Знал ли композитор, что он делал, когда работал над симфонией, или, как утверждали многие, своим «музыкальным самоубийством», история молчит. Но фольклор свидетельствует, что за несколько часов до кончины Петр Ильич разглядел в окне ангела смерти – черного человека в офицерской форме, который пытался что-то сказать композитору сквозь стекла, грозил ему пальцем и никак не желал уходить, заставляя смертельно больного человека вспоминать всю свою жизнь и перебирать в памяти грехи молодости.
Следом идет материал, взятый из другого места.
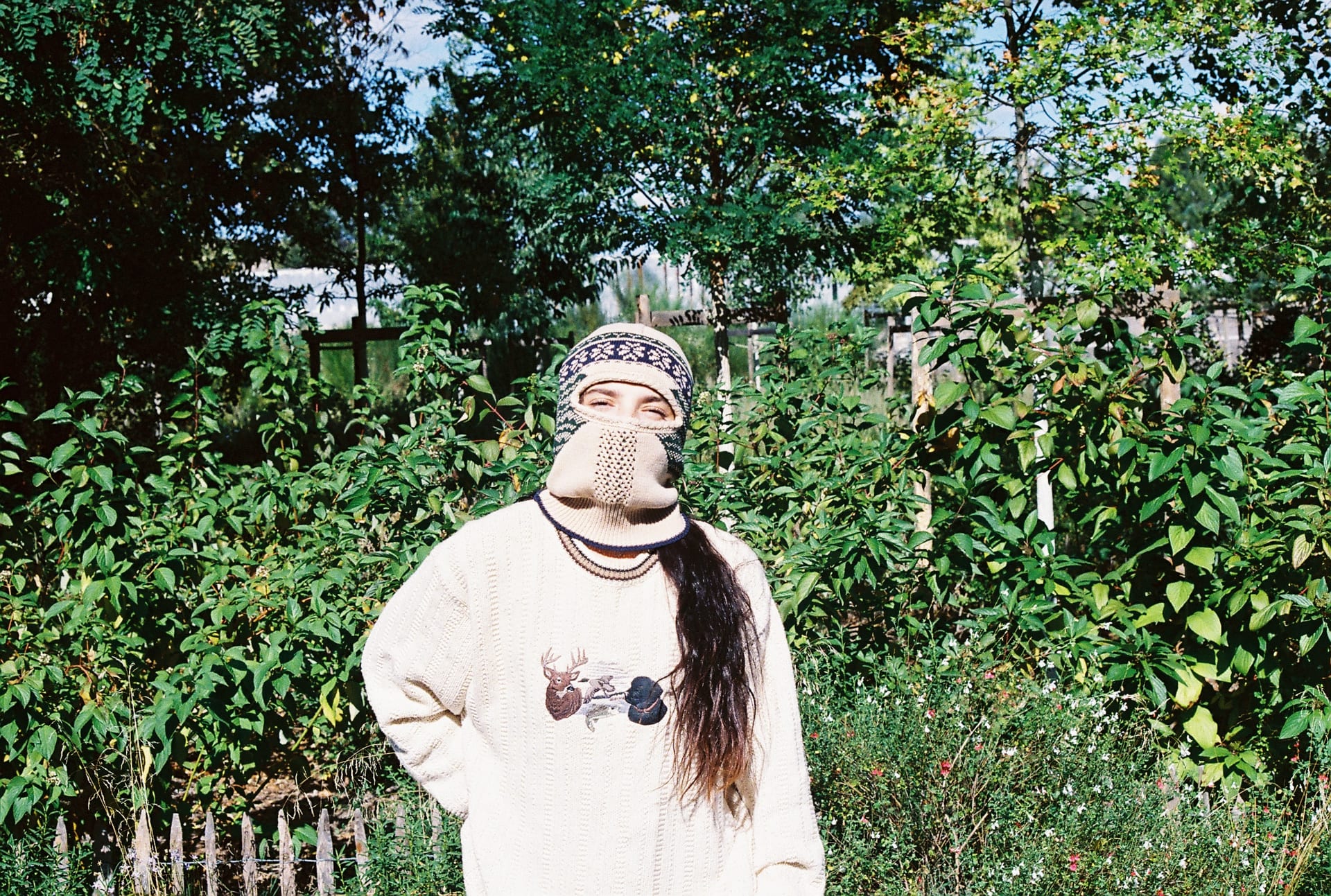 Frosthelm, Nordique · casque viking, vue 10.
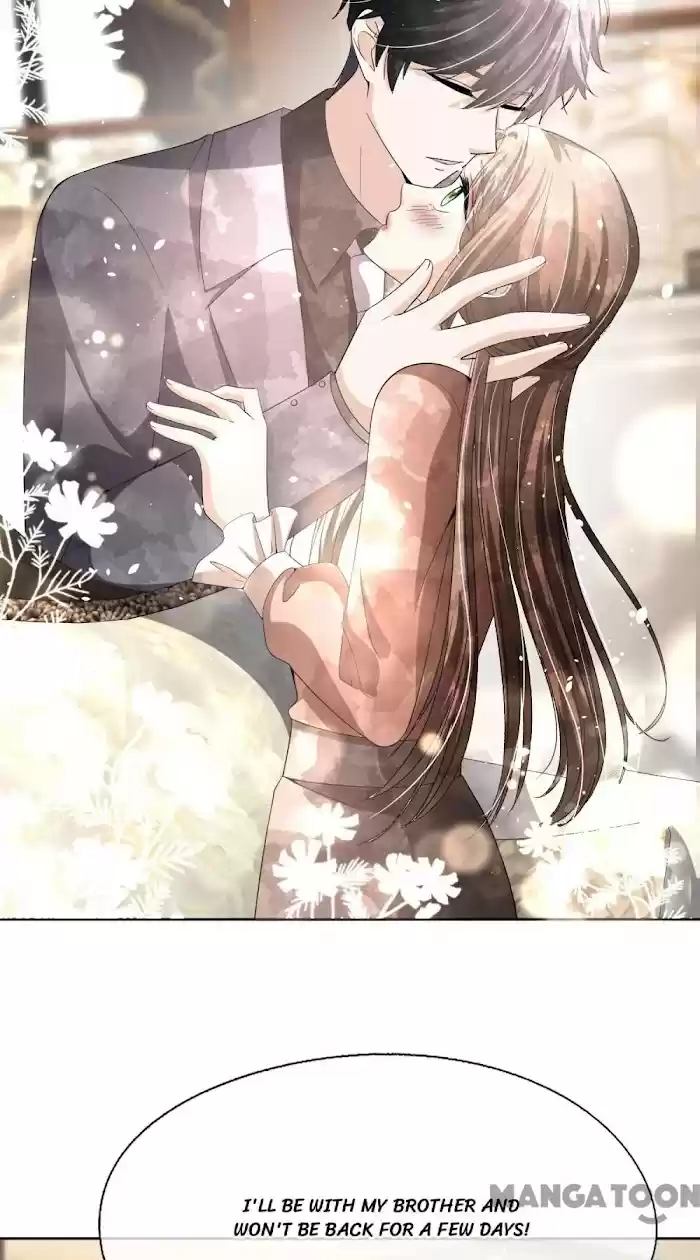 Don't Provoke The Contract Wife Chapter 200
От Мойки до канала Грибоедова
Плотная застройка начальных кварталов Невского проспекта прерывается плавным течением реки Мойки. Эта река в дельте Невы протяженностью свыше 5 километров вытекает из Фонтанки возле Летнего сада и втекает в Неву у самого ее устья. Легенды о названии реки, в первую очередь, связаны со звуковыми ассоциациями. Уж очень соблазнительно вывести этимологию слова «Мойка» от глагола «мыть». Тем более что само название «Мойка» восходит к более раннему топониму – Мья. А та, в свою очередь, – к древнему финскому слову «мую», которое, кстати, переводится как «грязь», или «слякоть». То есть Мойка – это просто мутная, грязная речка. Старые легенды об этом противоречивы и противоположны по смыслу. С одной стороны, говорили, что в старину эта протока служила «единственно для мытья белья», с другой – некоторые исследователи считают, что старинная русская пословица «Беленько умойся», имевшая широкое распространение в раннем Петербурге, имела парадоксальный смысл: «„вымарайся“ в мутной тинистой воде речки Мьи». И современные частушки особенного разнообразия в смысл привычного названия также не вносят:
Как-то раз мальчишка бойкий
Искупался прямо в Мойке.
Мойка моет хорошо:
Весь загар с него сошел.
Надо сказать, легенды о том, что на берегах Мойки в раннем Петербурге строились общественные бани и потому, дескать, речка эта называется Мойкой, живут до сих пор. Впрочем, известно, что легенды на пустом месте не рождаются. Издревле бани на Руси считались одним из обязательных элементов быта. Бани устраивались практически при каждом доме, будь то в большом городе или убогой деревеньке. Иностранные путешественники единогласно отмечали необыкновенную страсть русских к бане, в которой мылись не менее одного – двух раз в неделю, что было совершенно необычно для тогдашней Европы. Иностранцев привлекала в русской бане не только экзотика, связанная с совместным мытьем мужчин и женщин или купанием в ледяной воде после парилки. Они давно подметили, какое значение придают русские люди лечению многих болезней с помощью бани. Датский посланник в Петербурге вице-адмирал Юст Юль писал: «У русских во всей их стране всего три доктора, лечат они от всех болезней и прибегают к ним все, как больные, так и здоровые». Далее Юст Юль перечисляет этих «докторов»: баня, водка и чеснок, но при этом особо подчеркивает, что «первый доктор – это баня».